What I understand is that this is a study from the Harvard T. Chen university, a structure that hosts some of the most eminent nutritionists of our times, included Walter Willet, maybe the top nutritionist presently living, although absent from the podcasts.
The ORs in the study are calculated by comparing the extreme quintiles in the first 3 figures, whereas in figure 4 (below partially attached) the ORs are calculated comparing the extreme deciles , the 1st and the 10th.
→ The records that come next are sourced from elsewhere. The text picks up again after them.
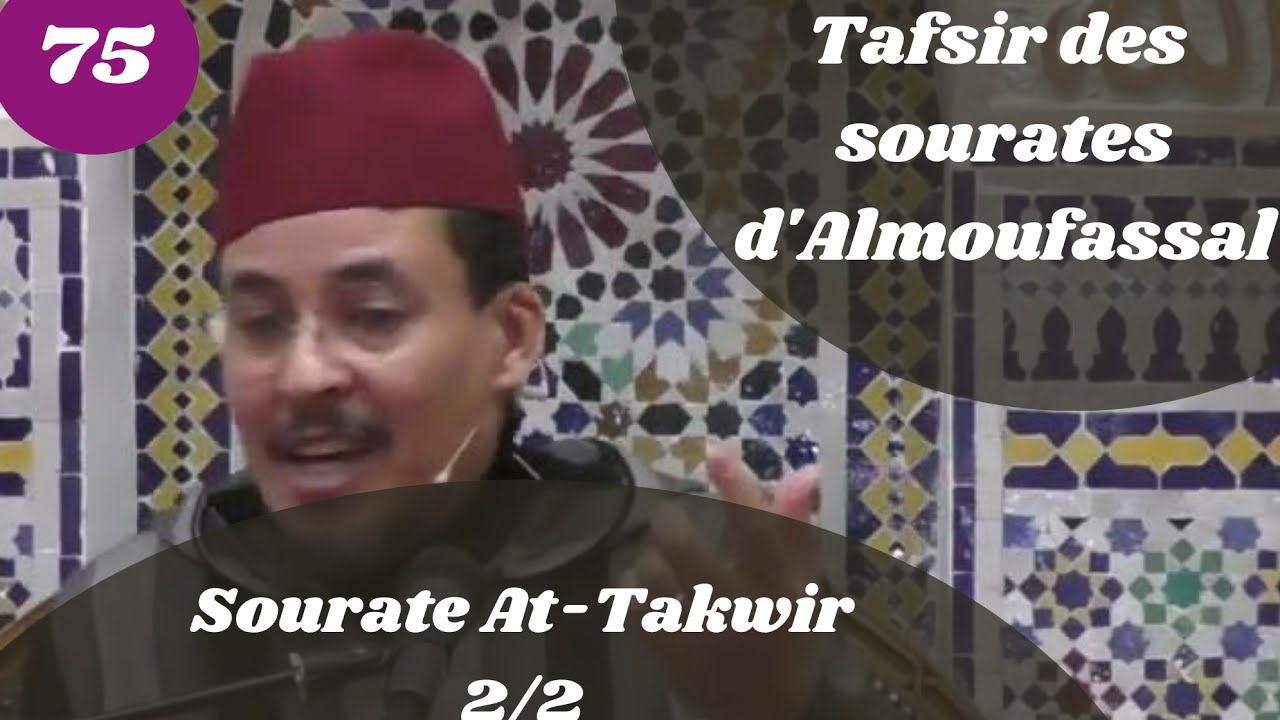 Tafsir des sourates d'Almoufassal(75) : Sourate At-Takwir (81)(2/2)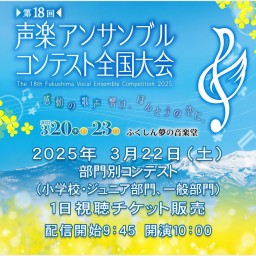 第18回声楽アンサンブルコンテスト全国大会 ３日目オンライン配信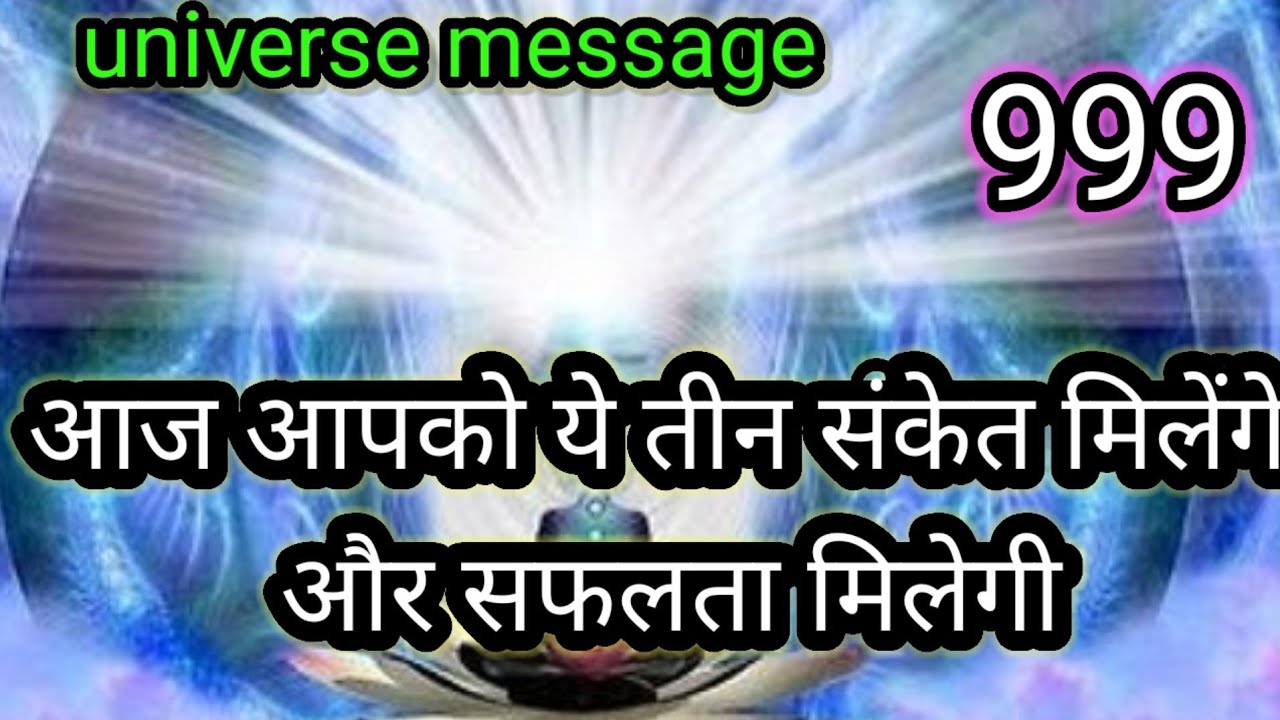 💯आज तीन संकेत मिलेंगे आपको💯universe message today 💯divine message today 💯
This means for example that those who are top 10% in fruit consumption age significantly better than those who belong in the bottom 10% of fruit consumption. This is a comparison almost between extremes, lots of fruit are, according to the authors, much better than little or very little fruit, and this taken as an independent variable, since I’ve not seen conditioned probabilities, that is, lots of fruit conditioned to the fact that also lots of nuts are eaten. The combined probabilities, as far as I’ve seen, can be estimated qualitatively following the colormap.
For example, figure 4 suggests according to the authors that total meats is detrimental to all the domains of healthy aging, but more exactly this means that lots of meats compared to little or no meats is detrimental. It tells us nothing about the middle ground, noderatly high versus moderately low consumption.
Also, it tells us nothing about consuming a lot of meat while consuming a lot of vegetables. Or consuming very little meat while consuming lots of vegetables. We have to do our own educated guesswork in the context of combinations.
Below is an excerpt of figure 4
Beth
#327
I was lucky enough to go to Kenya, and as a vegetarian at the time, I expected to starve. I even got in trouble at the airport for trying to smuggle in pbj 
I have no idea how what they serve to tourists compares to what the locals eat, but I was in veggie heaven. I could eat almost everything, and in fact, I gained a ton of weight on safari!!
All that is to say, in reading this, while my experience might not be the norm, I was not surprised.
2 Likes
amuser
#328
Excepting, of course, those held by rapamycin.news
1 Like
Excellent must-read.
“Because healthy people want to be healthy, they adopt certain habits, making those habits appear healthier than they actually are.1”
“People frequently promote diets that aren’t special in any way, because “it worked for me”. Great! If something works for n = 1, that doesn’t provide an indication that it’ll work for anyone else, or even that it worked for the individual in question”
'Regression to the mean is the norm, rather than something exceptional, so if you’re struggling with an achy back, a runny nose, some bloating, or a weird lump and it “goes away” right after you decide to start a new diet [or a new supplement] the most likely explanation isn’t cause-and-effect, it’s happenstance. Recommending others follow your derived advice is unlikely to net them any benefits, but you’re sure it worked, so why not offer away?"